━━ PROVIDED MATERIAL ━━

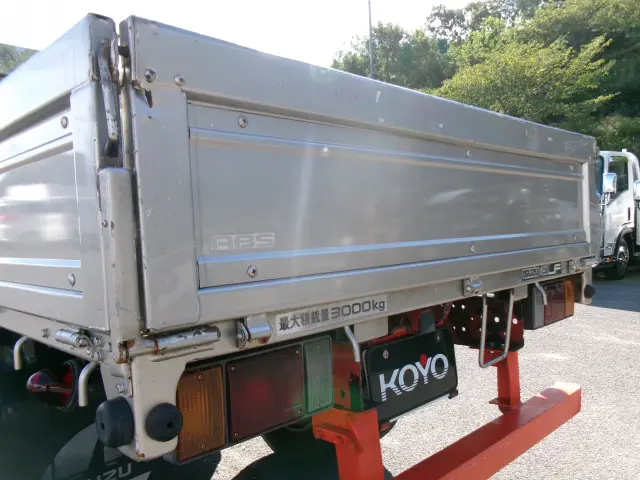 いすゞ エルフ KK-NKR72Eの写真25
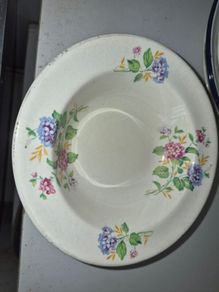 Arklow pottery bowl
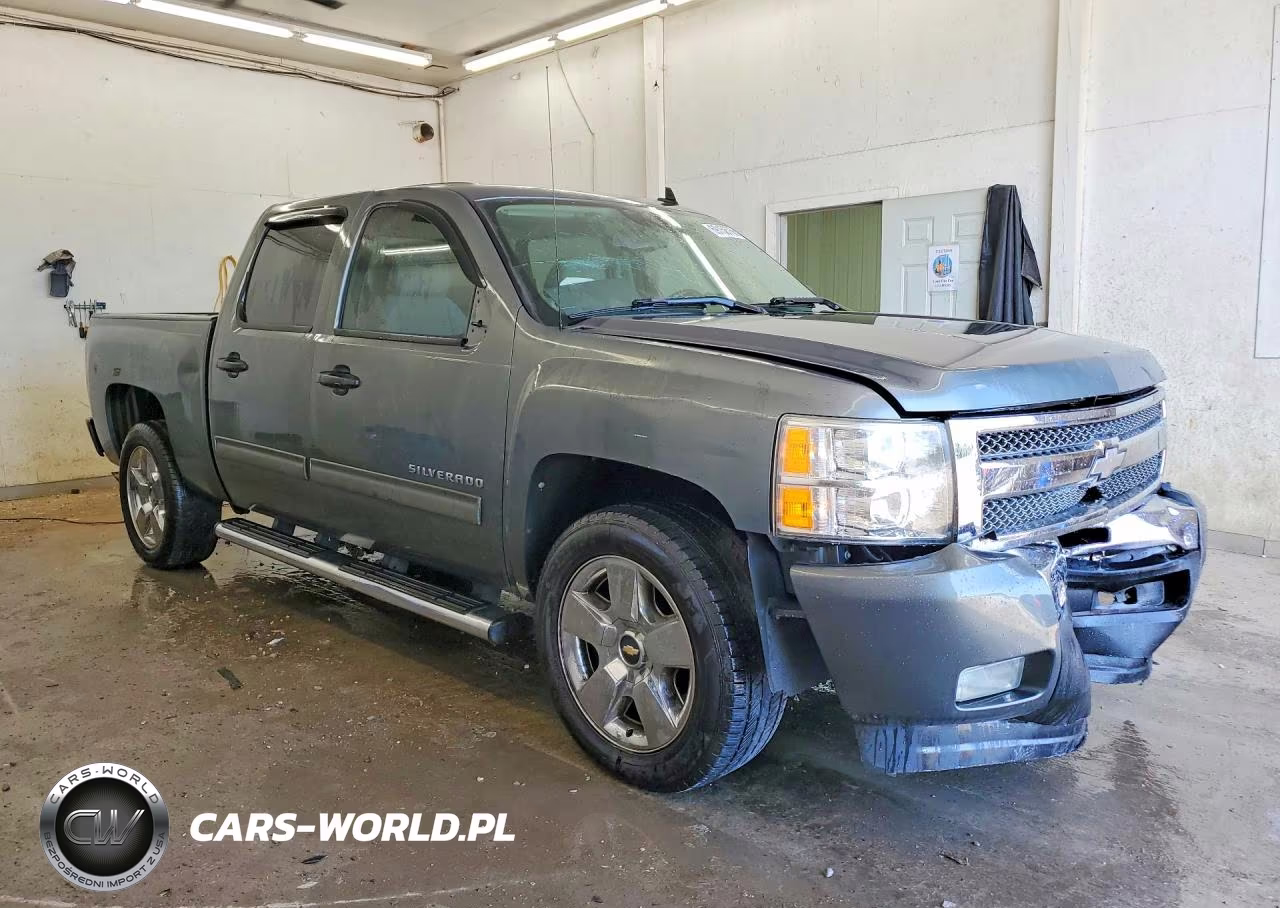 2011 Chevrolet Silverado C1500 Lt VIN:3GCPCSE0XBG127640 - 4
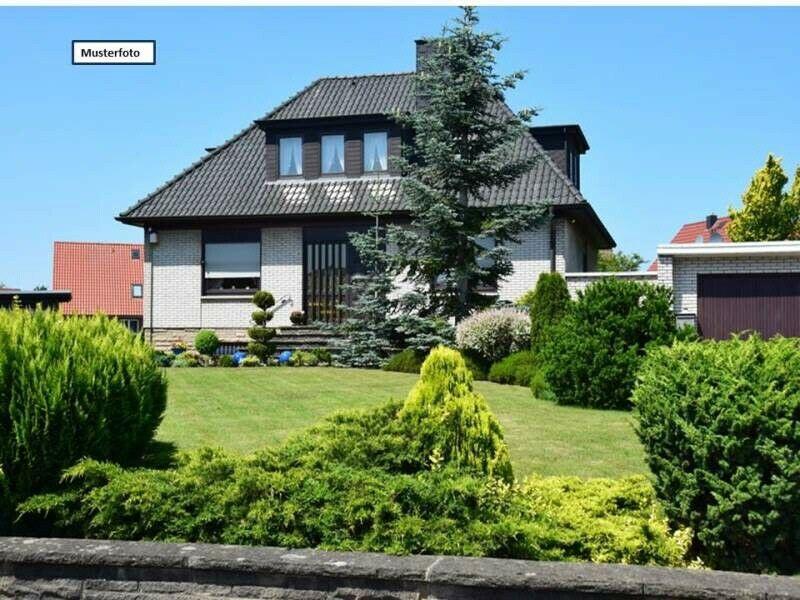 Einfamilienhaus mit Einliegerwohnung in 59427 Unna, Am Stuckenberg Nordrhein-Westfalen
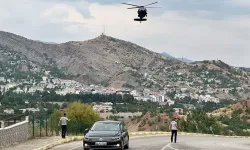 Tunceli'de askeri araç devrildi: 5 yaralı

━━━

» **TASK GOAL**: Repeat the records word for word. Leave out whatever pictures they hold.

» **WRITTEN RESPONSE**:
 いすゞ エルフ KK-NKR72Eの写真25
 Arklow pottery bowl
 2011 Chevrolet Silverado C1500 Lt VIN:3GCPCSE0XBG127640 - 4
 Einfamilienhaus mit Einliegerwohnung in 59427 Unna, Am Stuckenberg Nordrhein-Westfalen
 Tunceli'de askeri araç devrildi: 5 yaralı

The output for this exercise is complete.